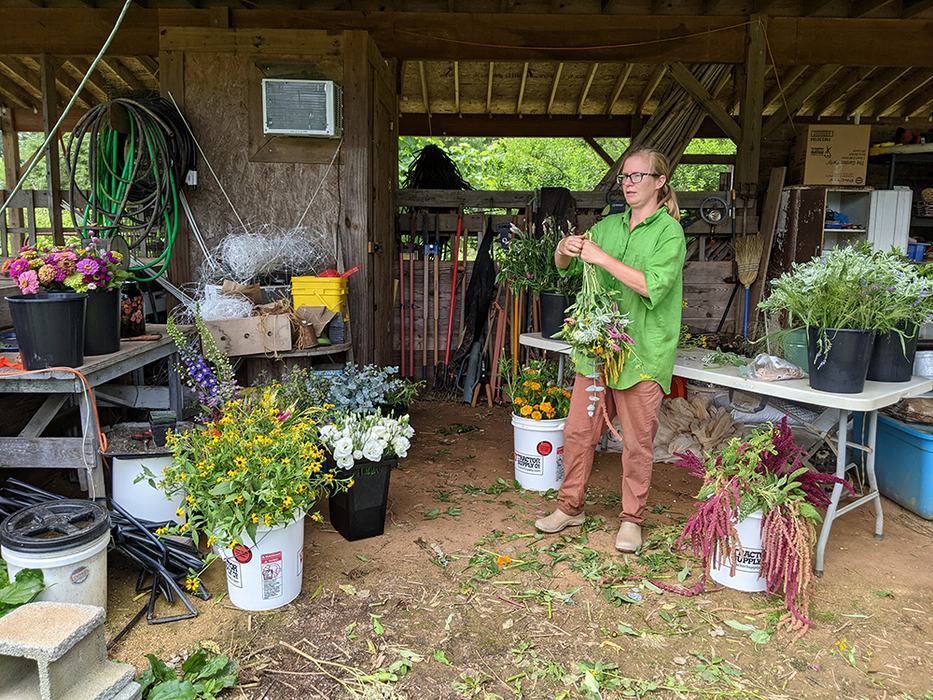 Woman making flower bouquets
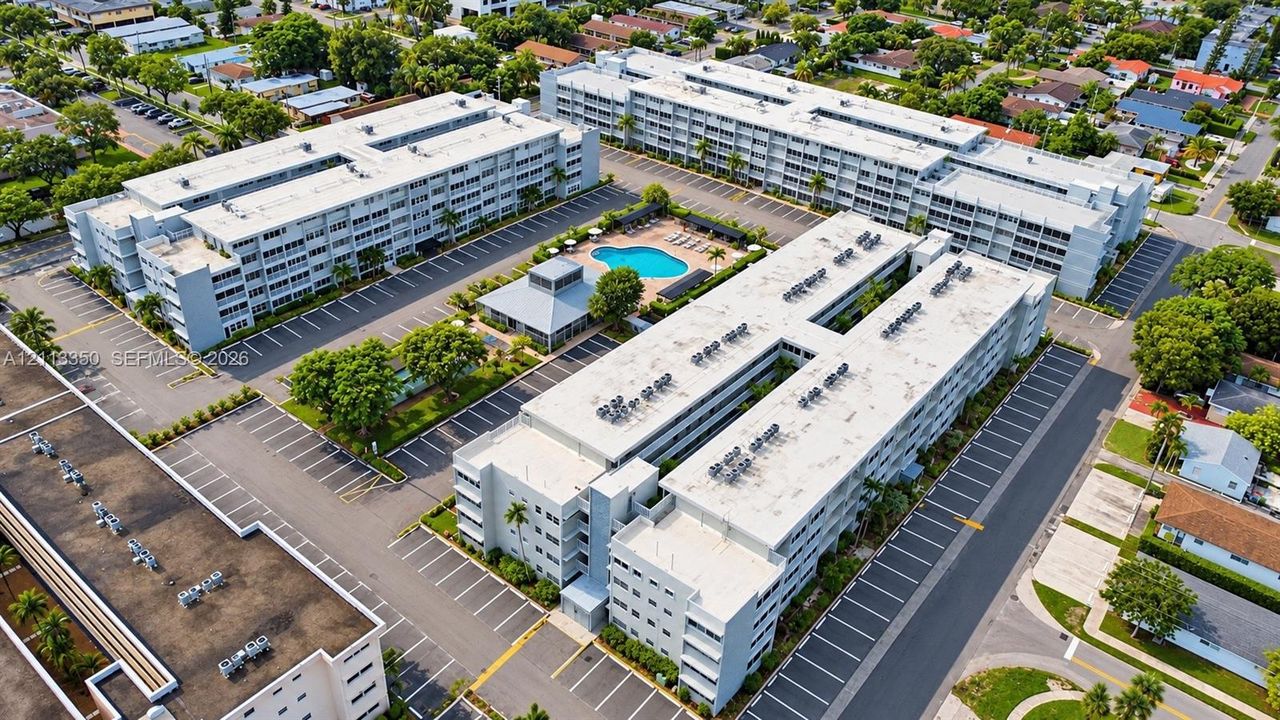 Aerial perspective of a multi-story residential complex featuring paved surface parking, an outdoor swimming pool, and a dedicated clubhouse structure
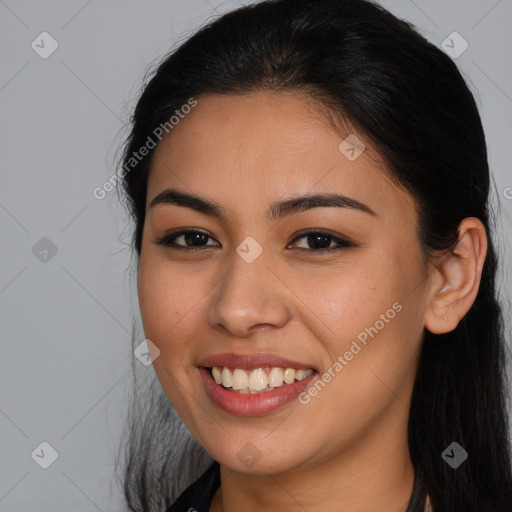 Joyful latino young-adult female with long  brown hair and brown eyes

TASK PROMPT: Transcribe the listing above verbatim. Omit the pictures.

YOUR RESPONSE:
 Woman making flower bouquets
 Aerial perspective of a multi-story residential complex featuring paved surface parking, an outdoor swimming pool, and a dedicated clubhouse structure
 Joyful latino young-adult female with long  brown hair and brown eyes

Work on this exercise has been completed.